## Dataset entries:
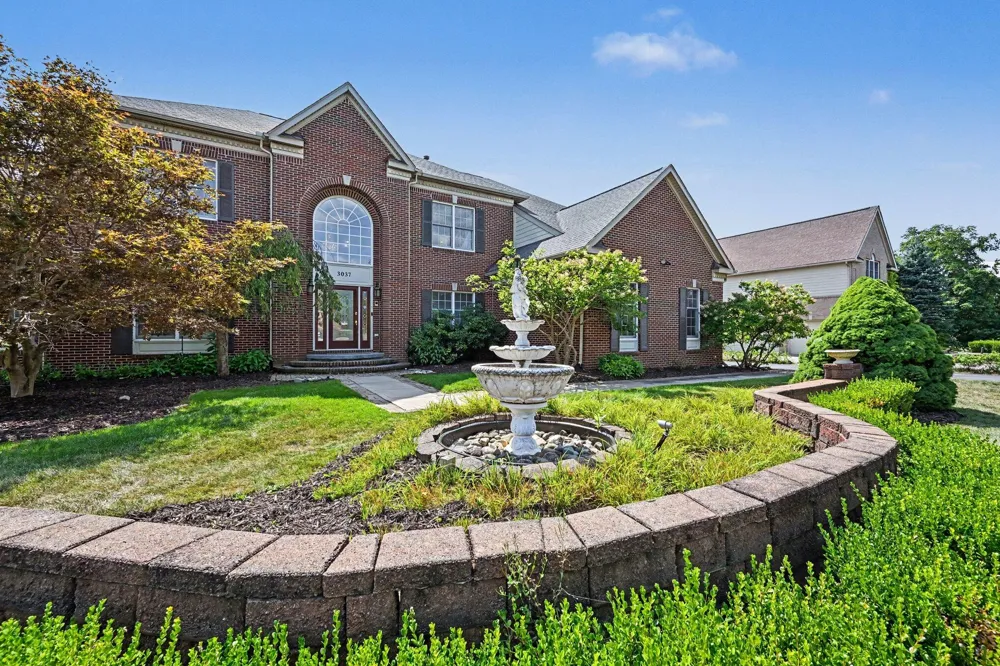 3037 Walnut Ridge Drive Ann Arbor, MI 48103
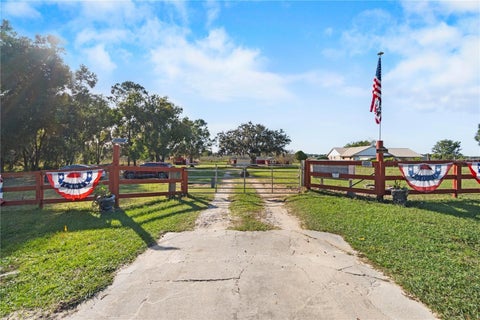 Tiny photo for 15525 Villa City Road, Groveland, FL 34736 (MLS # G5115293)
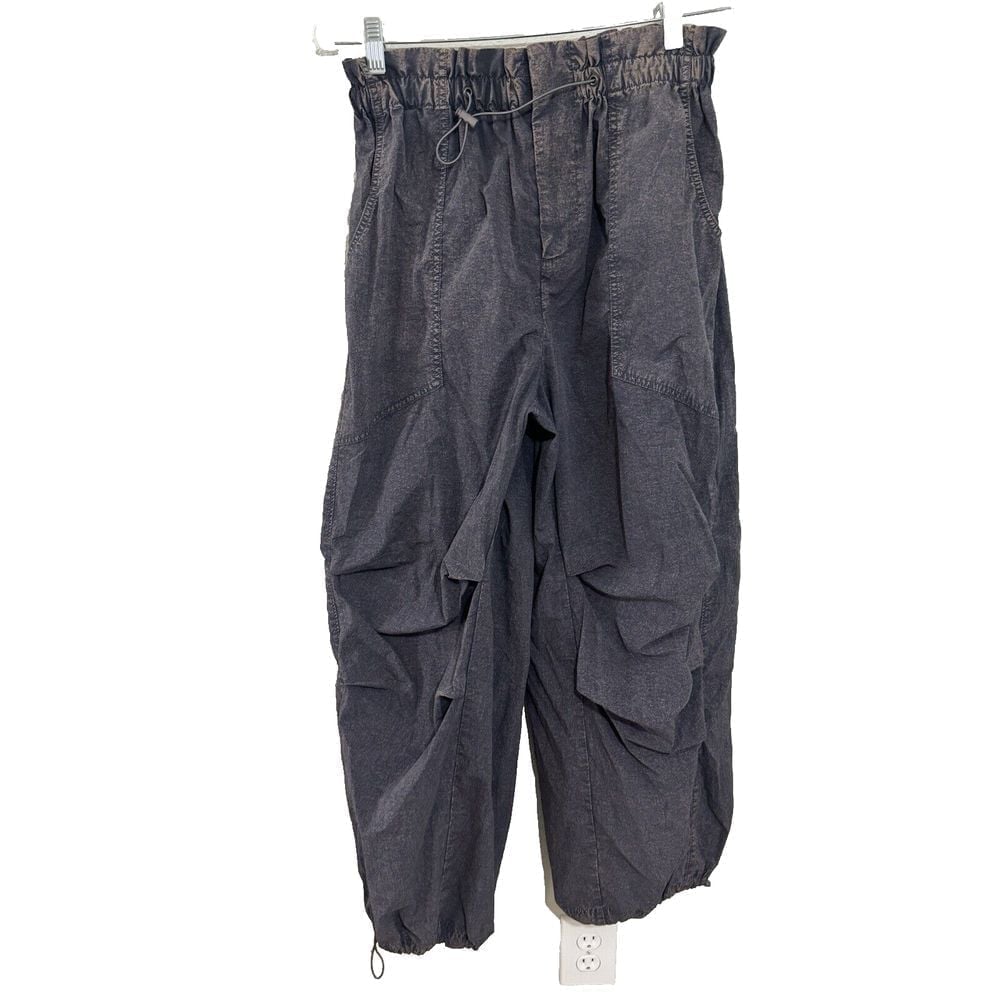 Urban Outfitters Womens Size M M Parachute Pants Acid Wash Gray Baggy Balloon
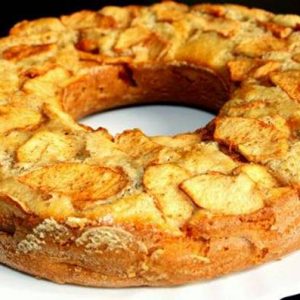 Bolo de maça e canela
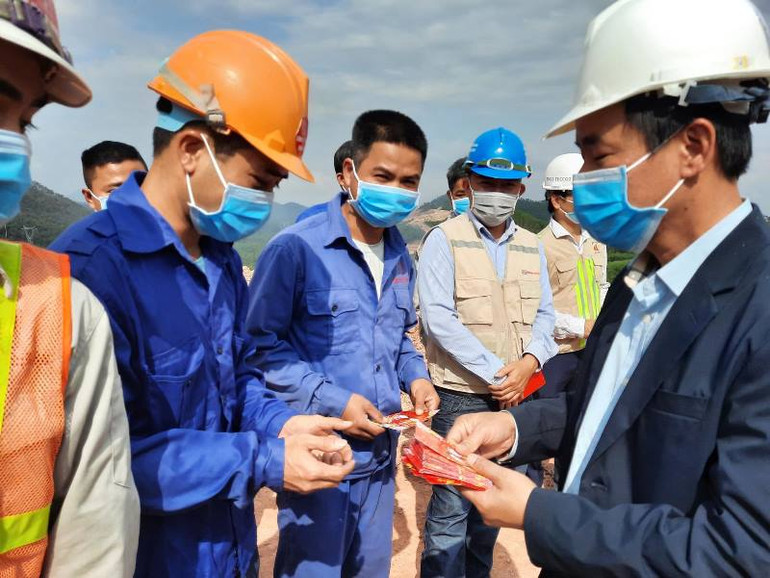 Ra quân thi công dự án cao tốc Cam Lộ - La Sơn -0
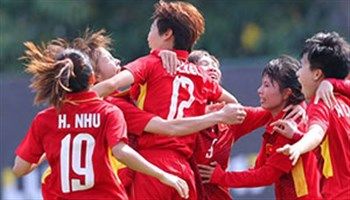 Tuyển nữ Việt Nam đá bại Myanmar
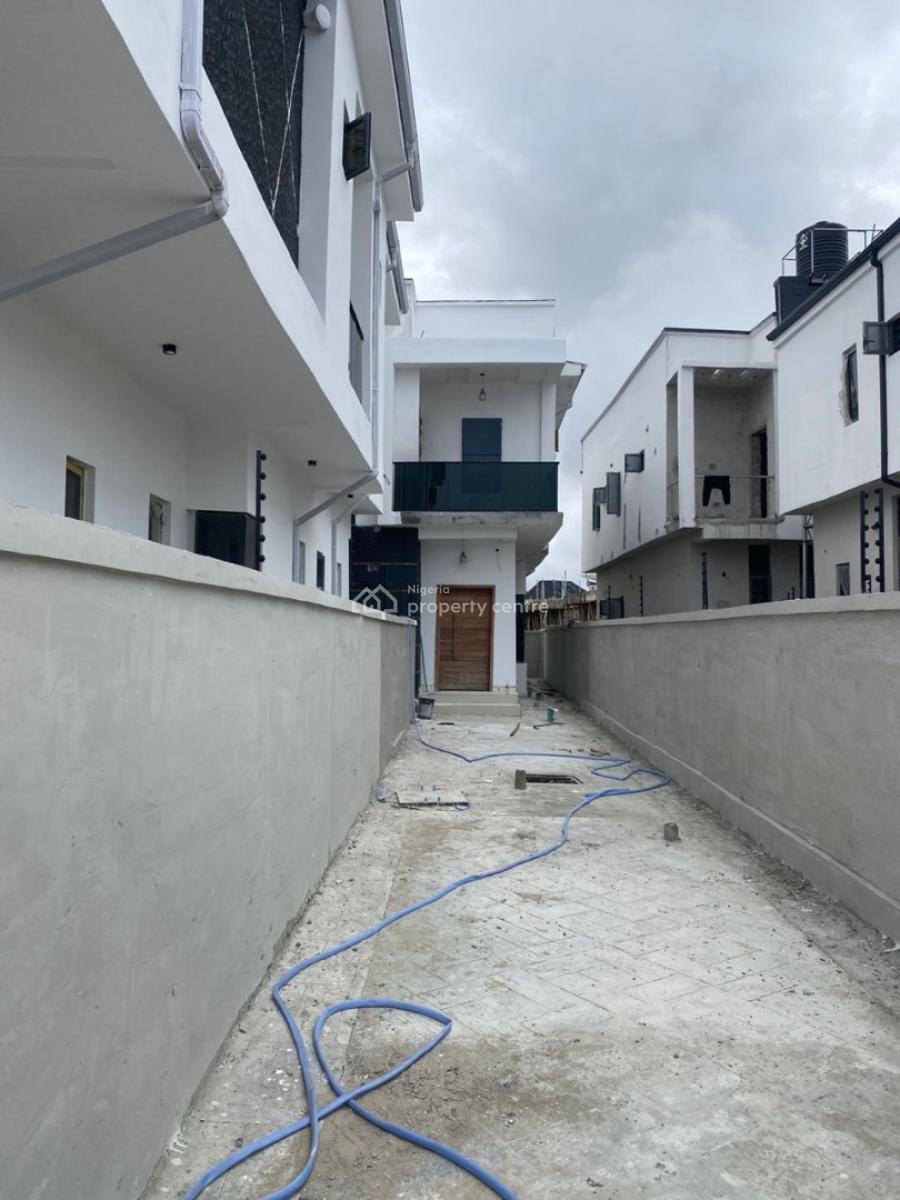 Brand New 4 Bedroom Semi Detached Duplex + Bq, Ologolo, Lekki, Lagos, Semi-detached Duplex for Rent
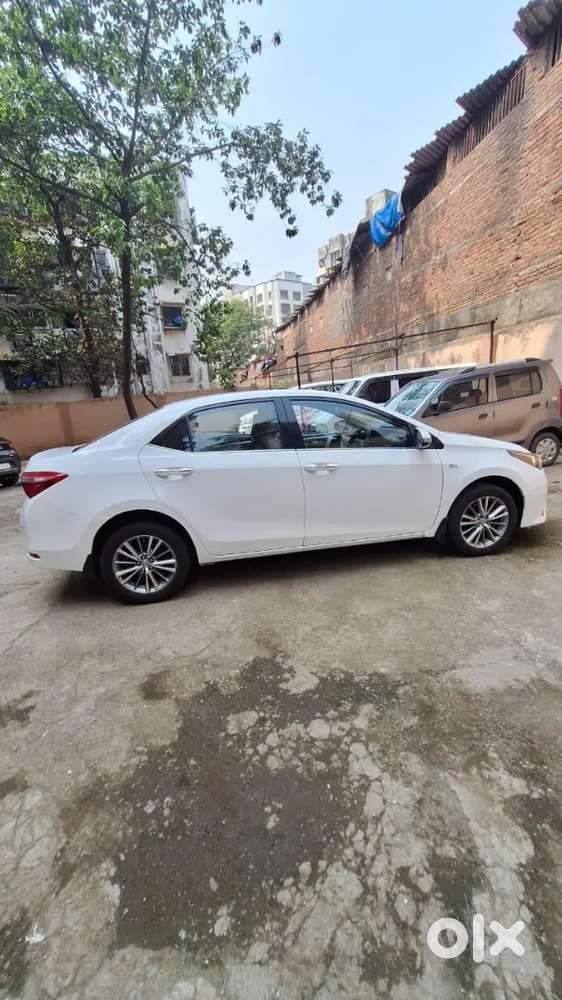 Toyota Corolla Altis 2015 Petrol 70000 Km Driven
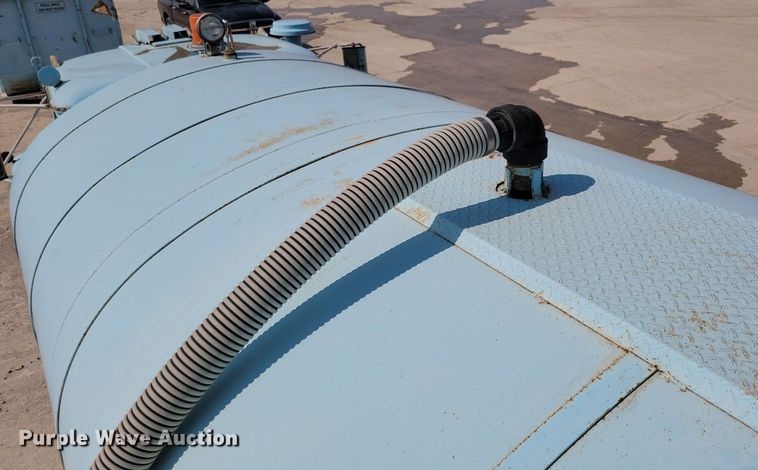 image for item IQ9942 1966 Mack  water truck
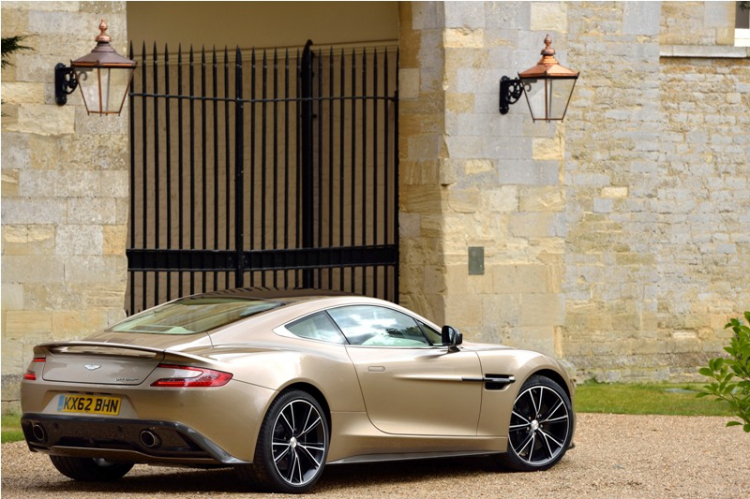 ASTON MARTIN VANQUISH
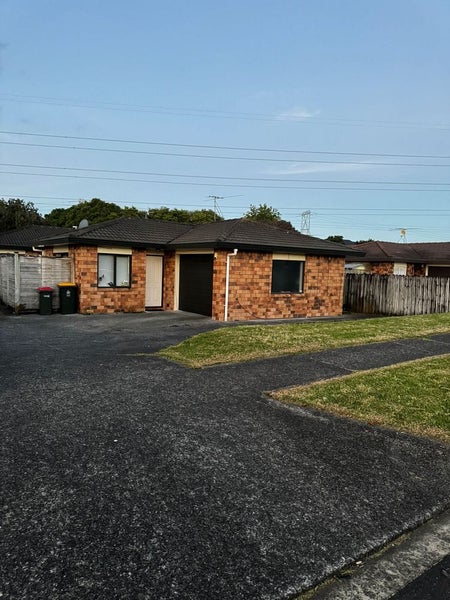 Flat Bush, 2 bedrooms64498276973699111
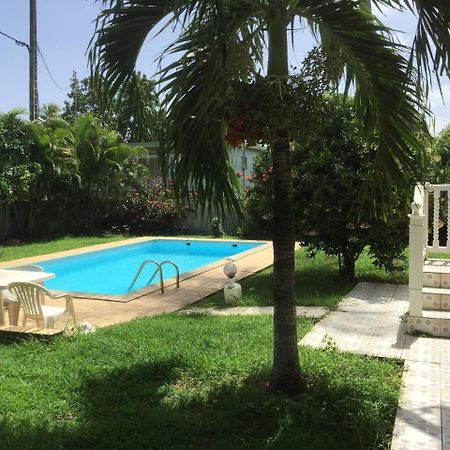 T2 Tropical En Bord De Piscine A 100M De La Mer Daire Le Carbet Dış mekan fotoğraf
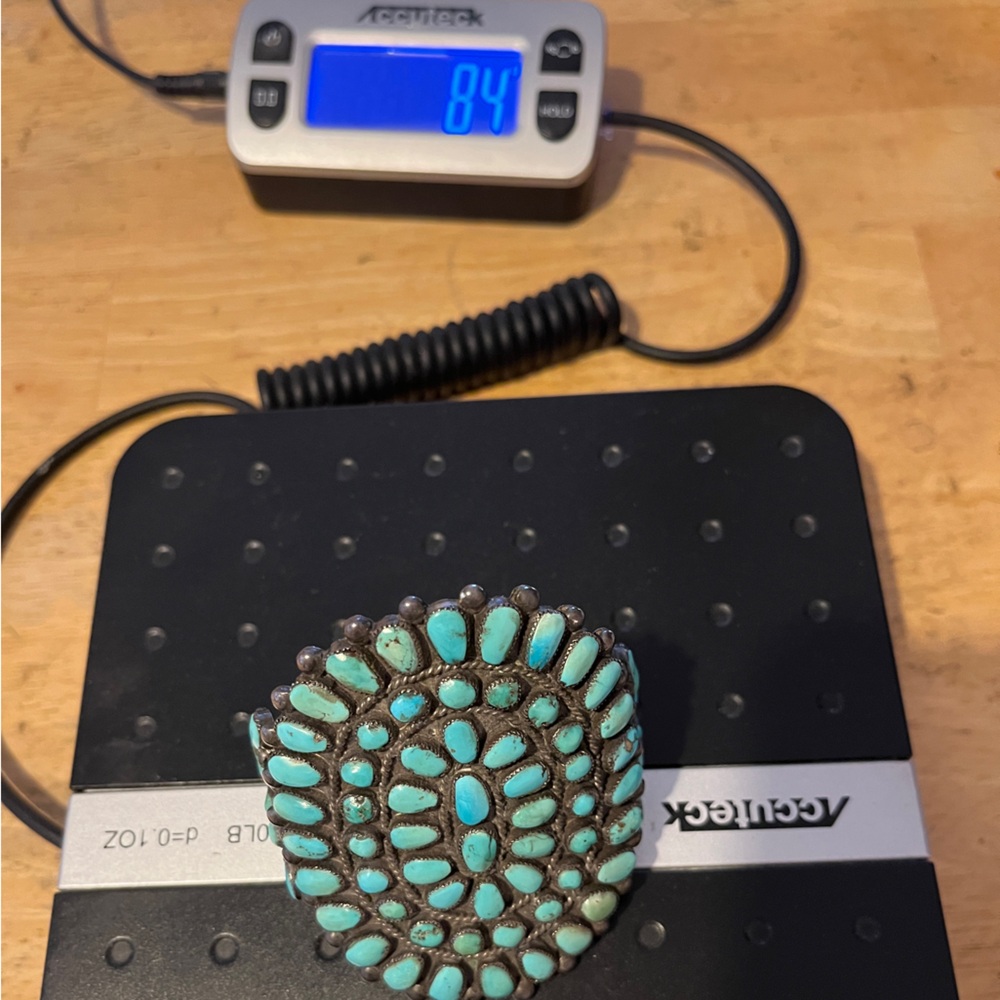 Rare Turquoise Oval Cuff Bracelet -  73 Blue Green Stones - Picture 6 of 17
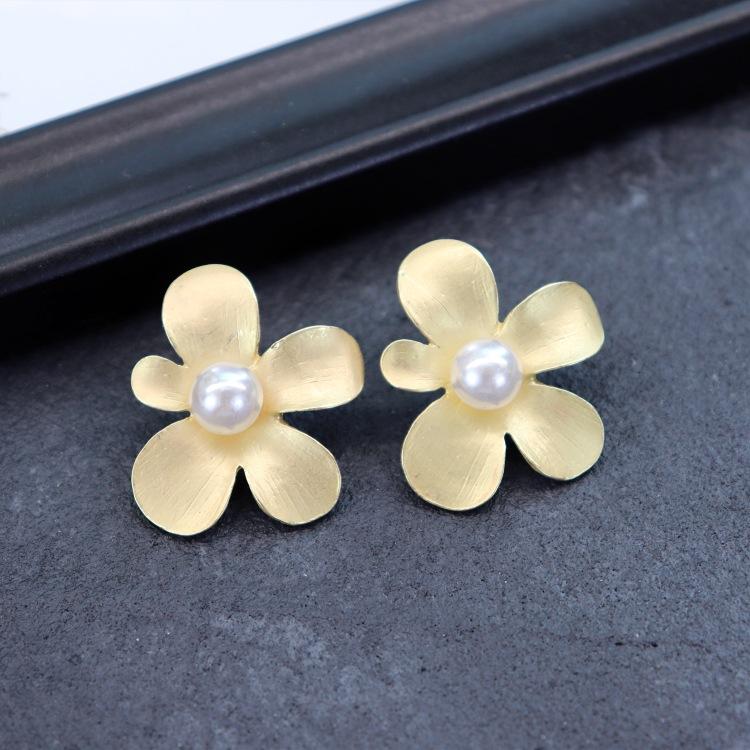 Personalized French Dumb Gold Stud Earrings Female Exaggerated Internet Celebrity Simple Metal High-end Earrings Retro Temperament Earrings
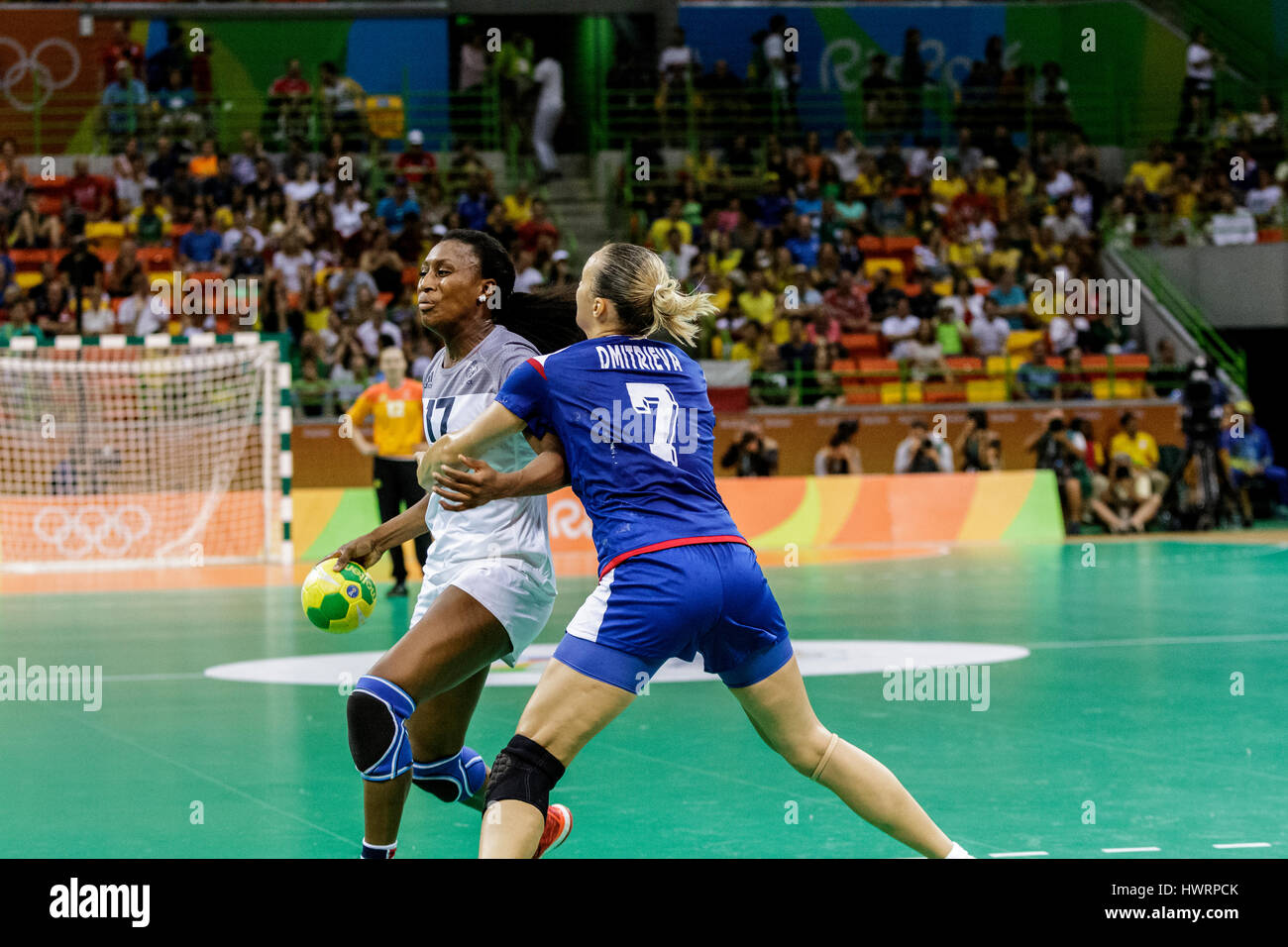 Rio de Janeiro, Brazil. 20 August 2016 Siraba Dembélé (FRA) #17 defended by Daria Dmitrieva (RUS)  #7 in the women's handball gold medal match Russia  Stock Photo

## WORK REQUEST:
The lines needed run from the first line of the records through the line containing "Ra quân thi", both included. Restate them word for word, without pictures.

## SOLVED PROBLEM:
 3037 Walnut Ridge Drive Ann Arbor, MI 48103
 Tiny photo for 15525 Villa City Road, Groveland, FL 34736 (MLS # G5115293)
 Urban Outfitters Womens Size M M Parachute Pants Acid Wash Gray Baggy Balloon
 Bolo de maça e canela
 Ra quân thi công dự án cao tốc Cam Lộ - La Sơn -0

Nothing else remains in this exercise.